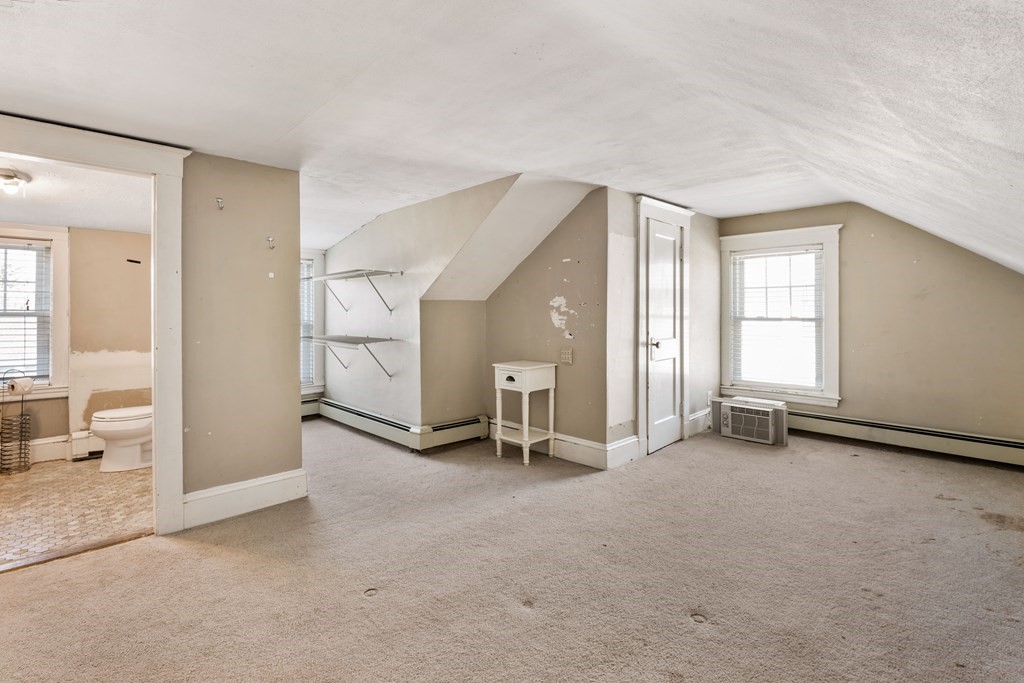 35 Lovell Road Watertown, MA 02472 - Photo 35 of 42 a view of a livingroom with furniture and a window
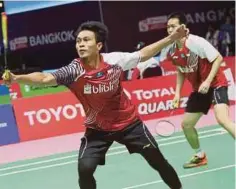  ??  ?? PEMAIN beregu lelaki Indonesia, Mohamad Ahsan bersama Hendra Setiawan.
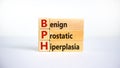 Medical and BPH, Benign Prostatic Hyperplasia symbol. Wooden blocks with the word `BPH`. Beautiful white background. Copy space. Royalty Free Stock Photo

::::

Beginning with the line containing "bersama Hendra Setiawan." and ending with the last line of the data, output those lines exactly and nothing more. Omit every picture.

  ??  ?? PEMAIN beregu lelaki Indonesia, Mohamad Ahsan bersama Hendra Setiawan.
 Medical and BPH, Benign Prostatic Hyperplasia symbol. Wooden blocks with the word `BPH`. Beautiful white background. Copy space. Royalty Free Stock Photo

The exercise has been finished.